The effect of CO treatment on the surface structure of bimetallic Pd-Au/HOPG and Pd-In/HOPG nanoparticles: A comparative study

Abstract

Bimetallic nanoparticles have been attracting more and more attention as catalysts in recent years since they often provide improved catalytic performance when compared to their monometallic analogues. Trying to design the optimum configuration of active sites in such catalytic systems, researchers resort to different strategies, one of which consists of a specific pretreatment of pre-synthesized nanoparticles in a particular gaseous environment prior to the catalytic reaction, resulting in adsorption-induced segregation.
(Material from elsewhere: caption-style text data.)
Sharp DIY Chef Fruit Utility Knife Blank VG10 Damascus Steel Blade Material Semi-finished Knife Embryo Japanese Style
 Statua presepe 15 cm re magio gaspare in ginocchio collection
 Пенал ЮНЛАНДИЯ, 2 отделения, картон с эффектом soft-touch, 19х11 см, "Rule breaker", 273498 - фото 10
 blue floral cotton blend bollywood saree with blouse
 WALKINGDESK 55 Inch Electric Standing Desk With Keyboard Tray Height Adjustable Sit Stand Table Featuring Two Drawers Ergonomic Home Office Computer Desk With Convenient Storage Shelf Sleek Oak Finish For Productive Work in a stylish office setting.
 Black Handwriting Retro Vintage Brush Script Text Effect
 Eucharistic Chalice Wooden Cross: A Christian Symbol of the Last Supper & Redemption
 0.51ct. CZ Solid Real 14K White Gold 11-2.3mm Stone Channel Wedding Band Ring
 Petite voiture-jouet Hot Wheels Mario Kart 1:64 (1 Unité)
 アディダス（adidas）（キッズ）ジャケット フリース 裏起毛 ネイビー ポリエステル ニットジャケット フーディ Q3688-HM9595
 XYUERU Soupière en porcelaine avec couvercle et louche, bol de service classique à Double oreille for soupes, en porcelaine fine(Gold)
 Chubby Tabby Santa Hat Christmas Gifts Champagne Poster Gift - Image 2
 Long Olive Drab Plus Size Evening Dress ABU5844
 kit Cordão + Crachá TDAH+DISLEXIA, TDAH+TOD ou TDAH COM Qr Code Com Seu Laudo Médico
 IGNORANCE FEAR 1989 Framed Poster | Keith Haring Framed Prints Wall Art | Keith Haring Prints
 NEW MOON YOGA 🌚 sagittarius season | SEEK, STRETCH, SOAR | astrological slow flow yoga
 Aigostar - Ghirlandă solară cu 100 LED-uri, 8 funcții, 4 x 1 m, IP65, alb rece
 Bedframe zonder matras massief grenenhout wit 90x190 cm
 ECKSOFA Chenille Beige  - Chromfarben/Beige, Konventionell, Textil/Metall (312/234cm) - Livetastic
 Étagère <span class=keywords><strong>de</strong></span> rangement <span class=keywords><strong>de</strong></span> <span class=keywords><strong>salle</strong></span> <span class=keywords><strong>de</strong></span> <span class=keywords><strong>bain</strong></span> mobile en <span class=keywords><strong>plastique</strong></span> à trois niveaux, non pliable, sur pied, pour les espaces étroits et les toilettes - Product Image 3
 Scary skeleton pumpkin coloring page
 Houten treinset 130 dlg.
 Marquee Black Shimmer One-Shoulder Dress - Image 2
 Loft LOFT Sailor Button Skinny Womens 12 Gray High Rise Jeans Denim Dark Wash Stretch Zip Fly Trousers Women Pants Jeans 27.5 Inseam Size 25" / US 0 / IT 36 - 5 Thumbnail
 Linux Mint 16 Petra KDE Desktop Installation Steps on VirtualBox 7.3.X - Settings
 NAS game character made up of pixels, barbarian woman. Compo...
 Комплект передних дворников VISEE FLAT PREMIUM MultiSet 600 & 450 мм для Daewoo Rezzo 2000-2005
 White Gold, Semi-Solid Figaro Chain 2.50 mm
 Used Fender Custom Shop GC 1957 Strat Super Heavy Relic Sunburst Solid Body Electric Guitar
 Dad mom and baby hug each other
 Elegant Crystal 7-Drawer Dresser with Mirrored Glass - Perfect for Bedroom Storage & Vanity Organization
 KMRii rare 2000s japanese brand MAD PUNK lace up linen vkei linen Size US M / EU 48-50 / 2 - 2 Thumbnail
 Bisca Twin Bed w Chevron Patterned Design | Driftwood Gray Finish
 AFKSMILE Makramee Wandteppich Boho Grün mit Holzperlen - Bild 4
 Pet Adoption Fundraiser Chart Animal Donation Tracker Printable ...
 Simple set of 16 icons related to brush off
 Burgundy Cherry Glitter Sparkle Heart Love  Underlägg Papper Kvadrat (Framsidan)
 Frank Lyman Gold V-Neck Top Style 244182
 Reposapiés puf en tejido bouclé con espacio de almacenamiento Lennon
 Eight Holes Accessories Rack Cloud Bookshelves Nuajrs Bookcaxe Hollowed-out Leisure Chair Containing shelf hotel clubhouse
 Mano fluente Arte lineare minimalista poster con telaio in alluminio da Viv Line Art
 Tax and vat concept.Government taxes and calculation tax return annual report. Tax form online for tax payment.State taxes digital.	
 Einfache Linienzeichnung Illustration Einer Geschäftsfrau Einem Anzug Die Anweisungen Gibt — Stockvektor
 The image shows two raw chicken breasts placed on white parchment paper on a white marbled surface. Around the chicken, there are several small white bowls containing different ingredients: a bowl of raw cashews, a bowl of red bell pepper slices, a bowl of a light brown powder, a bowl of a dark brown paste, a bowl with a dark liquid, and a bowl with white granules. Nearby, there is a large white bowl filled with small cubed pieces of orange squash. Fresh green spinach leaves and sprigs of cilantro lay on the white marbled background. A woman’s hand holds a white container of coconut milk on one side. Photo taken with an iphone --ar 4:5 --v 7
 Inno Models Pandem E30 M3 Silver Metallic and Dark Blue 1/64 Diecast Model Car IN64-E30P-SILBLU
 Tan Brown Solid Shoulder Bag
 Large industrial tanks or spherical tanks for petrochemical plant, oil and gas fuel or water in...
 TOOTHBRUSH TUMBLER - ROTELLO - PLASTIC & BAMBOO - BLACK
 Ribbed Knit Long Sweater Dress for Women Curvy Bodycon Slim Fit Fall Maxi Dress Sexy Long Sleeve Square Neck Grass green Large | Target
However, such a strategy does not always lead to any significant changes in the surface structure, so the identification of all factors responsible for the segregation process is of high fundamental and applied interest for the targeted design of bimetallic catalytically active nanoparticles. Here we show that for two types of bimetallic nanosystems, a stoichiometric intermetallic compound of Pd and In, and a substitutional solid solution of Pd and Au, the exposure to a CO atmosphere leads to completely different results, i.e., a noticeable surface segregation of Pd atoms being observed exclusively for the latter system. Driven by adsorption of CO molecules, the process of segregation is enhanced in the studied Pd-Au/HOPG catalyst (initial Pd/Au ratio of 1.48) when the temperature of the CO treatment is increased to 150 °C. In contrast, the Pd-In/HOPG nanoparticles (initial Pd/In ratio of 1.35) show no considerable change in the apparent surface atomic composition under a CO atmosphere, irrespective of temperature. Our results, alongside previous findings, demonstrate that CO adsorption-induced segregation as a tool for target-oriented modification of active sites in bimetallic nanoparticles for catalytic applications is appropriate only for substitutional solid solutions having a reasonable number of contacts between atoms of one type prone to segregation.